Clive Dean of Labour Party Marxists reports on last weekend’s conference

The Labour left is bracing itself for a new round of expulsions, as new leader Sir Keir Starmer stamps his authority on the party. So it was timely that Labour Against the Witchhunt (LAW) held an all-member conference online on Saturday July 4.

Over 80 members logged in to the Zoom event, which was a technical triumph for the organisers - anyone wishing to speak was able to, and members voted just like in a physical gathering. Despite this, and the LAW steering committee’s desire to avoid holding a “rally dominated by top-table speakers”, the first session fused discussion of five key items into a single, time-constrained ‘debate’. In reality people spoke about whatever aspect of the five introductions that took their fancy and unsurprisingly there was no real exchange of views. The result was that both good and bad formulations were all voted through without adequate examination of their finer points.

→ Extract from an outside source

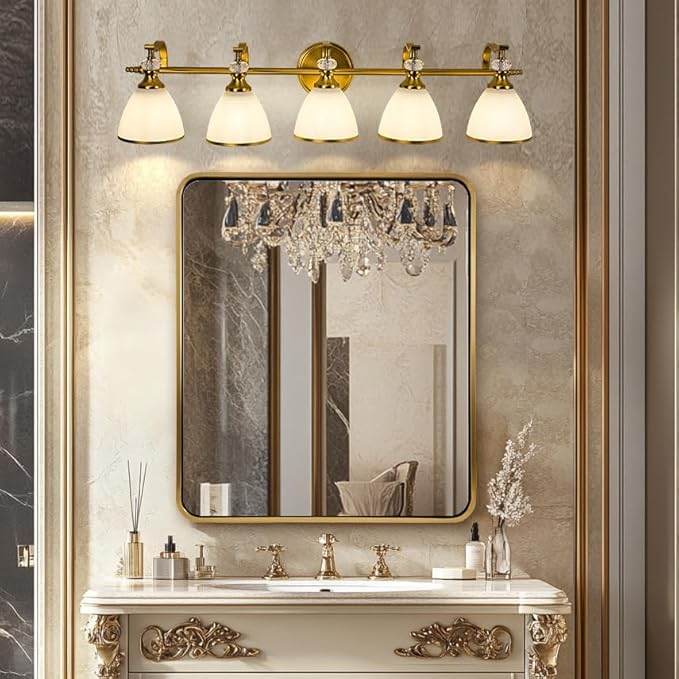 ANDY STAR Gold Bathroom Light Fixture, 5-Light Bathroom Wall Sconces, 35 inch Brass Vanity Light with Milky White Frosted Glass Shade, Large Vintage Wall Lights for Spacious Rooms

LAW’s chair, Jackie Walker, opened the conference, reminding comrades that the current attacks on the left were a consequence of its shameful failure to confront the witch-hunt during the Corbyn years. Reinstated expellee Moshé Machover spoke next. He drew comrades’ attention to the immediate threat of annexation - Binyamin Netanyahu’s plan to absorb Palestinian territory in the Jordan Valley. He noted how Trump and Netanyahu both rejected the ‘two-state solution’ consensus, and how this, and the annexation plans, were causing divisions within the ranks of Israel’s supporters. The appointment of Tzipi Hotovely, the overtly anti-Arab racist, as the new Israeli ambassador to London has added to these tensions. Comrade Machover warned that, as events continue to unmask the colonialist nature of Israel, the Zionists will respond by stepping up the false accusations of anti-Semitism.

Reports

Tina Werkmann, LAW’s vice-chair, presented the steering committee’s report of work. This noted the assistance LAW has provided to numerous members of the Labour Party who have been suspended or expelled. It was clear from the ‘evidence packs’ that criticisms of Israel and Zionism were used as proof of ‘anti-Semitism’. Despite LAW’s help in rebutting these charges, the members were still shown the door, because this witch-hunt is not about eradicating anti-Semitism, but getting rid of the left, she said.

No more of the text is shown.